Amy Hwang is a cartoonist for The New Yorker and is probably the first Asian woman to have drawn cartoons openly for the magazine.

Hwang was born in Arlington, Texas. She graduated from Barnard College in 2000 with a degree in architecture. As a first-year at Barnard, Hwang started drawing cartoons for the Columbia Daily Spectator in 1997. After graduating, she worked at an architecture firm, which she later left so that she could become a cartoonist full-time. She has worked as a cartoonist with The New Yorker since 2010. Hwang won National Cartoonists Society's 2019 Silver Reuben Award for gag cartoons. She also curated an art exhibit with the cartoonist Jeremy Nguyen called "Asian Babies: Works from Asian 'New Yorker' Cartoonists". The exhibit ran from October 4, 2019, to January 12, 2020, at Pearl River Mart, where Hwang held an artist-in-residence position. The exhibit featured the works of ten cartoonists of Asian descent, including Monroe Leung, the first Asian American cartoonist to be published in The New Yorker.

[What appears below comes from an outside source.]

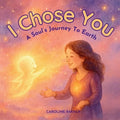 I Chose You: A Soul's Journey to Earth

In 2021, Hwang spoke on a virtual New Yorker Festival panel titled "Some Very Funny Ladies" alongside Liza Donnelly, Roz Chast and Liana Finck. Hwang is mentioned in Liza Donnelly's 2022 book, Very Funny Ladies: The New Yorker’s Women Cartoonists.

Hwang's cartoon style predominantly consists of clean lines, soft gray washes, with pen and ink on paper.